In this paper, we reexamine the parsimony principle in light of these scientific and technological advancements. We review recent developments, including the surprising benefits of modeling with more parameters than data, the increasing appreciation of the context-sensitivity of data and misspecification of scientific models, and the development of new modeling tools.
By integrating these insights, we reassess the utility of parsimony as a proxy for desirable model traits, such as predictive accuracy, interpretability, effectiveness in guiding new research, and resource efficiency.
We conclude that more complex models are sometimes essential for scientific progress, and discuss the ways in which parsimony and complexity can play complementary roles in scientific modeling practice.

Parsimony by constraints.

appeals to a model’s limited flexibility, or lack of capacity to accommodate different potential patterns in the data. Models that are parsimonious in this way anticipate specific empirical outcomes with greater confidence.

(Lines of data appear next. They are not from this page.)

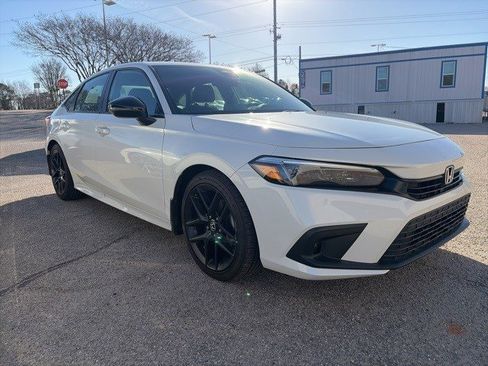 Used 2023 Honda Civic Sport image 8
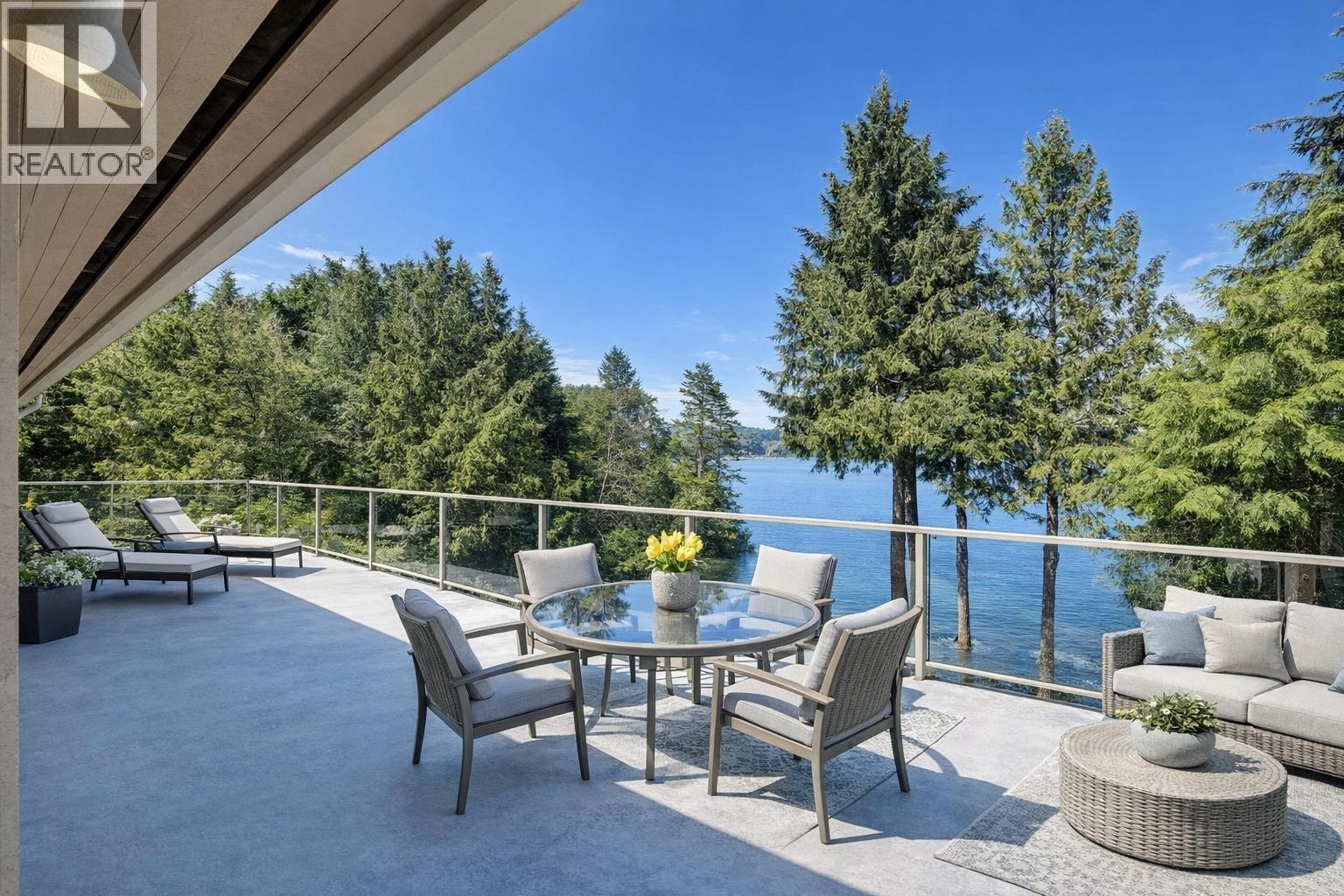 6448 N Gale Avenue, Sechelt, British Columbia  V7Z 0L1 - Photo 10 - R3095114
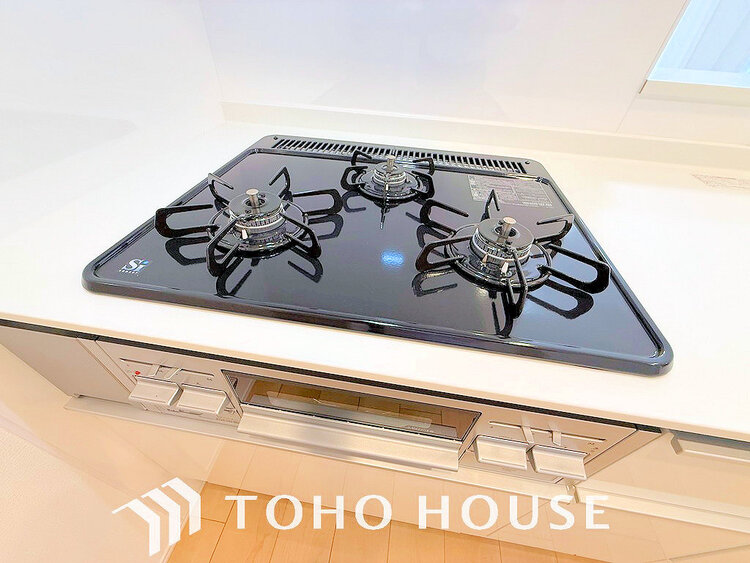 その他 3口ガスコンロで効率よくお料理できますね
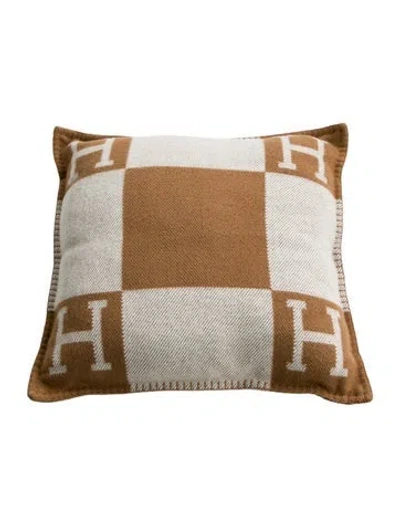 Pre-owned Hermes Avalon Throw Pillow In Brown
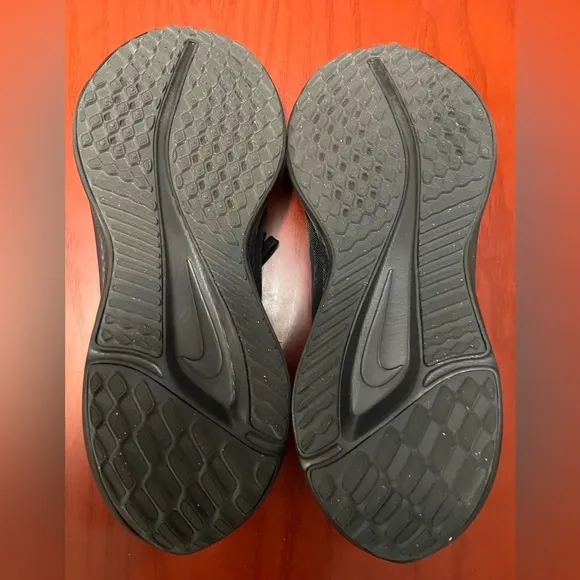 Black Nike Running Shoes (New)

To illustrate, consider the model predicting the effect of an untested drug. A parsimonious model might predict that the drug has no effect. This prediction is specific and narrow-it only allows for outcomes in which the drug has no effect at all. On the other hand, a less parsimonious model might predict that the drug could have any effect, whether positive or negative, and of any magnitude. This latter model is more flexible and can accommodate a wider range of possible outcomes, and thus, is less parsimonious by constraints. Bayesian instantiations of parsimony align with this intuition of parsimony by constraints. To enforce parsimony by constraints, scientists typically select models with fewer parameters or effective parameters, less expressive functional forms, more precise prior distributions, shorter description length, lower rank, or other criteria.

Parsimony by components.

defines the complexity of a model as the number of meaningful components it has. These components can include types or instances of variables, independent and root causes, or distinct processes represented in the model. To illustrate, consider our example of modeling human language. A parsimonious-by-components model would aim to explain the richness of human languages with a minimal set of grammatical rules. For example, Chomsky’s Theory of Universal Grammar proposes that a small number of fundamental rules can account for the vast diversity of languages spoken around the world. In contrast, a less parsimonious model might employ a larger set of rules tailored to different languages. While this model might explain the structure of different languages more precisely, it is more complex by components because it postulates more rules.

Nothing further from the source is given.